KBR, Jakarta - Pemerintah diminta berhati-hati menghadapi persoalan illegal fishing yang terjadi di Perairan Natuna beberapa waktu lalu. Pasalnya menurut Sekjen Forum Doktor Ilmu Politik Universitas Indonesia Connie Rahakundi Bakrie, kapal milik Kementerian Kelautan dan Perikanan (KKP) yang menindak KM Kway Fey 10078 itu tidak diakui di dunia maritim internasional.
"Masalah Natuna saya hanya peringatkan Bapak Presiden dan Bapak Presiden mencatatnya. Seringkali kita terbawa emosi. Natuna ini mau tiba-tiba kita bawa ke kasus internasional. Ini harus diingatkan jenis kapal di dunia itu hanya 2, yaitu war ship atau angkatan laut dan juga goverment ship which is coast guard. Coast guard kita sendiri masih mencari bentuk, ada perdebatan Bakamla kah," ujarnya kepada wartawan di Istana Merdeka.
Ia menambahkan, pemerintah juga harus segera melakukan pembenahan peran dan wewenang kementerian dan badan yang beroperasi di laut. Hal ini penting agar tidak terjadi tumpang tindih kewenangan.
"Sehingga dari perspektif cina, kita harus melihatnya secara flat. Dia cek ke internasional tidak ada kapal ini, secara goverment atau bukan. Harus ada pembenahan-pembenahan. Siapa bermain di wilayah mana lautan kita sehingga tidak terjadi overlapping. Dan saya kira Pak Presiden paham itu dan mencatatnya," katanya.
Selain itu kata dia, posisi Indonesia juga akan lemah saat berhadapan di dunia internasional soal pembuktian masalah tersebut.
"kelemahan kita saat dibawa ke internasional itu di pembuktian. Kita sarat dokumen dan apalagi kapalnya sedang di Cina. Kalau menlu ajukan, kapal ditarik kembali dan negosiasi dengan 8 tawanan mungkin itu fair. Tapi sampai hari ini saya belum dengar kapal kita minta kembali," pungkasnya.

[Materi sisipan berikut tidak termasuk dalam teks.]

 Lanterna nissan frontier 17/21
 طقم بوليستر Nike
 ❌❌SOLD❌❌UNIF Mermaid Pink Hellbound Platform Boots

Sebelumnya, Indonesia memprotes keras Cina yang telah melindungi kapal KM Kway Fey yang diduga melakukan tindak pidana pencurian ikan di wilayah perairan Natuna, Indonesia. Menanggapi hal itu, Wakil Duta Besar Cina di Indonesia, Sun Weide mengatakan, insiden tersebut terjadi bukan di teritorial Indonesia tetapi di "Traditional Fishing Ground" atau wilayah perikanan tradisional China. Ia juga meminta agar Susi melepaskan 8 nelayan yang telah ditangkapnya.

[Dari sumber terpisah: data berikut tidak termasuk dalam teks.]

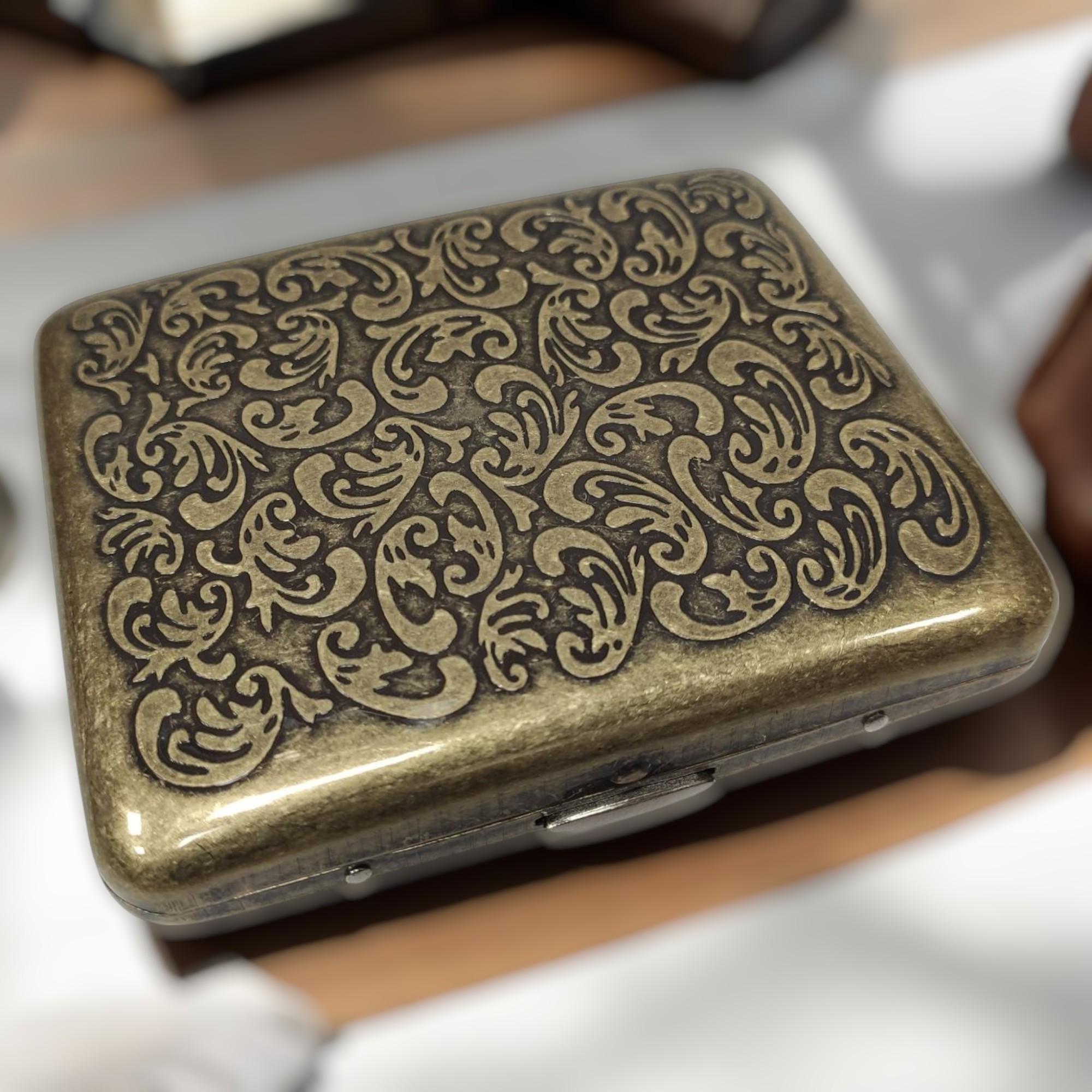 Портсигар металлический Gvipai Paisley Brass на 20 сигарет в подарочной упаковке (1-150B)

Klaim sepihak Cina kemudian dibantah Menteri Kelautan dan Perikanan Susi Pudjiastuti. Menurutnya "Traditional Fishing Ground", adalah klaim sepihak Tiongkok karena area yang dimaksud tak pernah diakui di tingkat internasional. Kata Susi, Indonesia sejauh ini hanya memiliki "Traditional Fishing Right" dengan Malaysia. Itupun karena adanya perjanjian yang telah disepakai kedua belah pihak pada area tertentu.